Emulation is not just the sincerest form of flattery. It is also how you jump start the adoption of a new compute engine or move an entire software stack from one platform to another with a different architecture. Emulation always involves some form of performance hit, but if you are clever enough, it can be modest and a fair compensation for the time and effort saved in actually porting code from one compute engine to another.
With CPUs now getting both vector and matrix math units and with a shortage of GPU compute engines compared to the huge demand thanks to the generative AI boom, there is without question not only a need for alternatives to the CUDA parallel programming environment that Nvidia created as the core of its GPU compute platform, but a need to run CUDA codes on anything and everything that can do vector or matrix math. Alternative and parallel (in terms of features and functions) programming environments such as HIP from AMD (part of its ROCm stack) and SYCL from Intel (the core of its oneAPI effort) can help CUDA programmers take their knowledge and apply it to a new device, which is great. But there is plenty of fussing around with some parts of the code and there is not yet a universal emulator that can convert CUDA to any GPU or CPU.

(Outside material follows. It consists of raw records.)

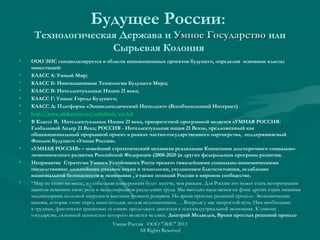 Будущее России:
Технологическая Держава и Умное ГосударствоУмное Государство или
Сырьевая Колония
• ООО ЭИС специализируется в области инновационных проектов будущего, определив основные классы
инвестиций:
• КЛАСС А: Умный Мир;
• КЛАСС Б: Инновационные Технологии Будущего Мира;
• КЛАСС В: Интеллектуальные Нации 21 века;
• КЛАСС Г: Умные Города Будущего;
• КЛАСС Д: Платформа «Энциклопедический Интеллект» (Всеобъемлющий Интернет)
• http://www.slideshare.net/ashabook/eis-ltdhttp://www.slideshare.net/ashabook/eis-ltd
• В Классе В, Интеллектуальные Нации 21 века, приоритетной программой является «УМНАЯ РОССИЯ:
Глобальный Лидер 21 Века; РОССИЯ - Интеллектуальная нация 21 Века», предложенный как
общенациональный прорывной проект в рамках частно-государственного партнерства, поддерживаемый
Фондом Будущего «Умная Россия».
• «УМНАЯ РОССИЯ» – новейший стратегический механизм реализации Концепции долгосрочного социально-
экономического развития Российской Федерации (2008-2020 )и других федеральных программ развития.
• Непринятие Стратегии Умного Устойчивого Роста чревато тяжелейшими социально-экономическими
последствиями: дальнейшим упадком науки и технологии, ухудшением благосостояния, ослабление
национальной безопасности и экономики , а также позиций России в мировом сообществе.
• “Мир не стоит на месте, и глобальная конкуренция будет жестче, чем раньше. Для России это может стать историческим
шансом изменить свою роль в международном разделении труда. Мы выгодно выделяемся на фоне других стран низкими
индикаторами долговой нагрузки и высоким уровнем резервов. Но время простых решений прошло. Экономические
вызовы, которые стоят перед нами сегодня, нельзя недооценивать. …Впереди у нас непростой путь. Нам необходимо
в трудных, фактически кризисных условиях продолжать двигаться к постиндустриальной экономике. К умному
государству, основной ценностью которого является человек. Дмитрий Медведев, Время простых решений прошло
Умная Россия ООО "ЭИС" 2013
All Rights Reserved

What we need for GPU and CPU vector/matrix compute is something akin to the QuickTransit emulator, which was created by a clever team of techies at the University of Manchester, which launched in 2004 as a commercial products by a company called Transitive after four years of development, and which had huge potential to upset a lot of server platform apple carts in the datacenter, but didn’t for reasons that will become obvious in a second.
Many of you have used QuickTransit without knowing it. Supercomputer maker SGI was the first to employ this emulator as it shifted from MIPS to Itanium architectures, and Apple followed suit, basing its own “Rosetta” emulation environment on QuickTransit as it shifted from PowerPC to Intel Core processors for its client computers. IBM acquired Transitive in 2008 and basically sat on the technology because it was too dangerous to let loose. (Big Blue did use it to provide an X86 runtime environment for Linux on its Power iron, which it withdrew from support in 2012.)
We don’t have QuickTransit for GPUs, but we do have something with the unwieldy name of Cuda for Parallelized and Broad-range Processors out of researchers from the Georgia Institute of Technology and with contributions from Seoul National University that can take CUDA kernels and automagically port them to run on the LLVM compiler stack and execute on GPUs or CPUs. (Interestingly, Chris Lattner, one of the creators of LLVM, is chief executive officer at Modular AI, which is creating a new programming language called Mojo to provide a kind of portability for AI applications at a higher level across many devices.) This CuPBoP framework is a bit like QuickTransit in concept, but is a very different beast entirely.
The CuPBoP framework was introduced in a paper published back in June 2022, and the source code for the framework is available on GitHub. CuPBoP came to our attention this week as the Georgia Tech researchers released a variant of the framework called CuPBoP-AMD that is tuned to work on AMD GPUs and that presents an alternative to AMD’s HIP environment in ROCm to port Nvidia CUDA code to AMD GPUs. Lots of people are thinking about that now that AMD is shipping its “Antares” MI300X and MI300A compute engines, which can stand toe-to-toe with Nvidia “Hopper” H100 and H200 devices. The CuPBoP-AMD paper is at this link. (This framework needs a better name, folks. . . .)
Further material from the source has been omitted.